### DATA EXTRACT
▼

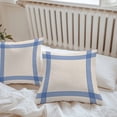 thumbnail image 4 of Blue Striped Outdoor Pillow Covers Set of 2 Simple Stripe Vintage Linen Texture Waterproof Throw Pillow Case Decorative Square Cushion Cover for Patio Couch Garden Balcony, 18"x18", 4 of 9
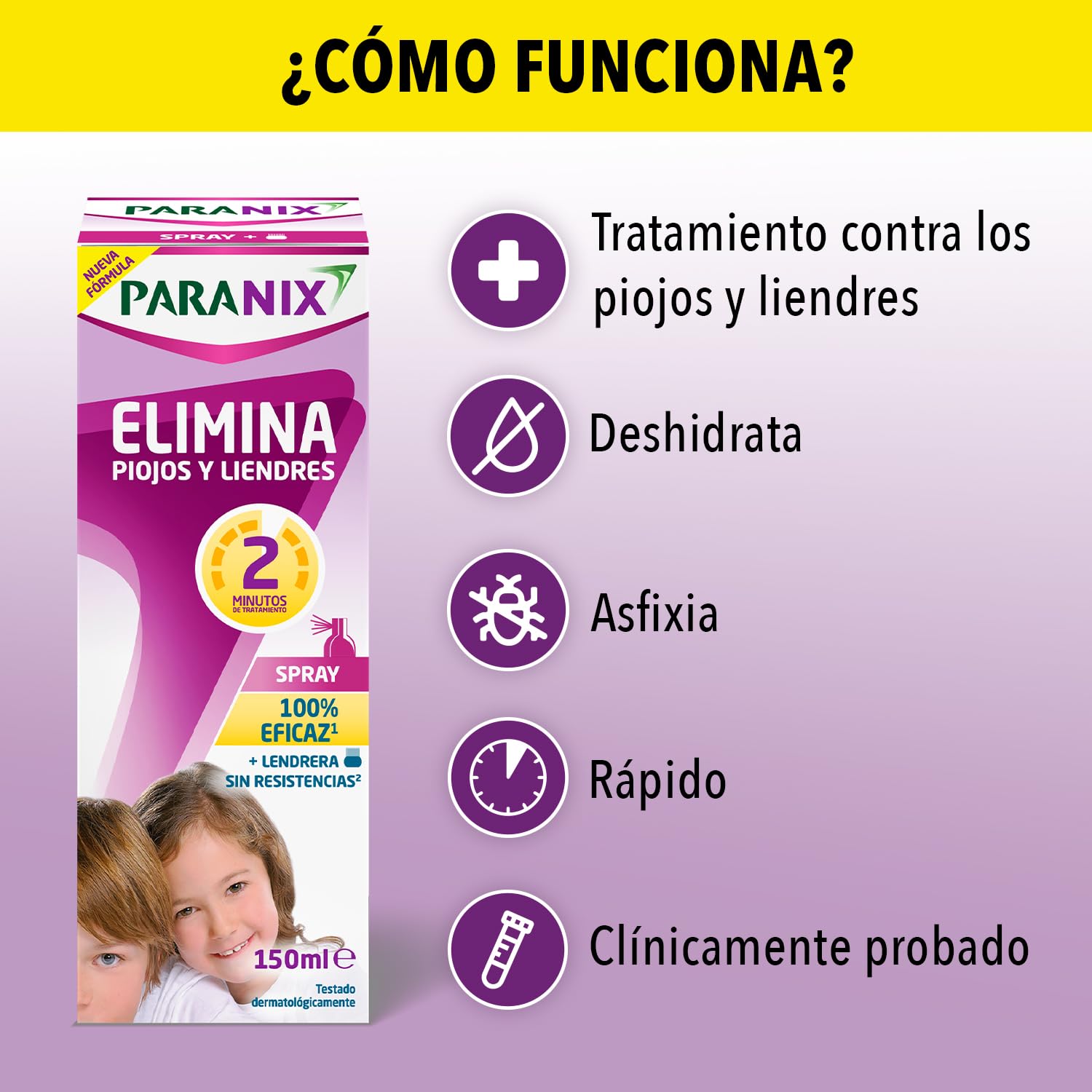 Paranix Spray Tratamiento para Piojos y Liendres - Incluye Lendrera - Sin insecticidas - 150 ml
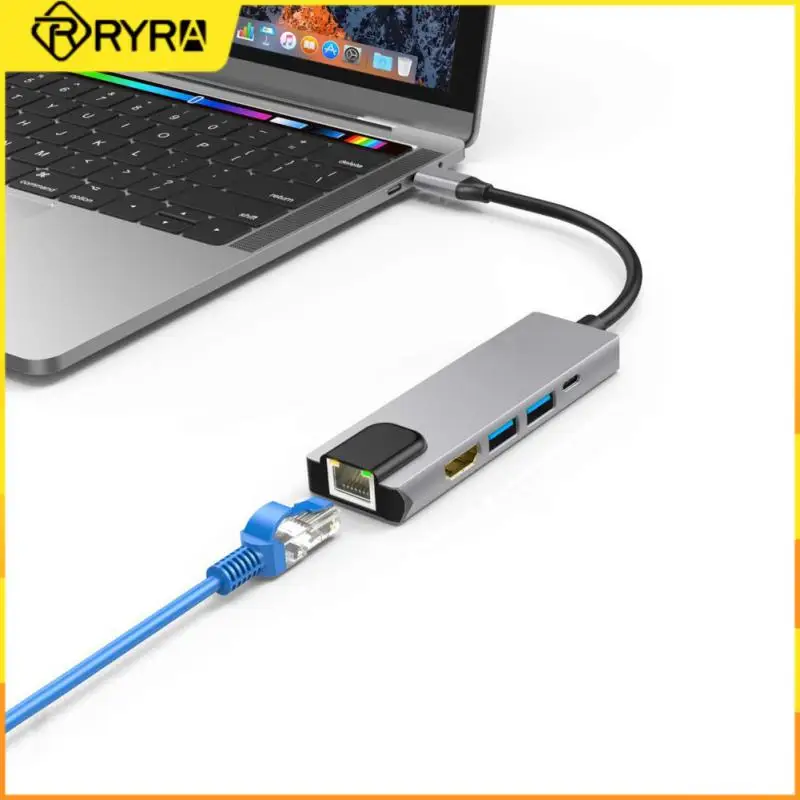 

RYRA Type-C docking station support PD2.0 100W 5A fast charging gigabit network port HDMI-compatible 4K HD one drag five USB hub
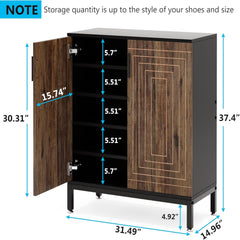 Shoe Cabinet With Doors, 5 Tiers Shoe Storage Organizer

▲

### AIM OF THE EXERCISE
Leaving out all pictures, retype exactly the lines that run from the one containing "Paranix Spray Tratamiento" through the last line of the material.

### ANSWER TO THIS EXERCISE
 Paranix Spray Tratamiento para Piojos y Liendres - Incluye Lendrera - Sin insecticidas - 150 ml

RYRA Type-C docking station support PD2.0 100W 5A fast charging gigabit network port HDMI-compatible 4K HD one drag five USB hub
 Shoe Cabinet With Doors, 5 Tiers Shoe Storage Organizer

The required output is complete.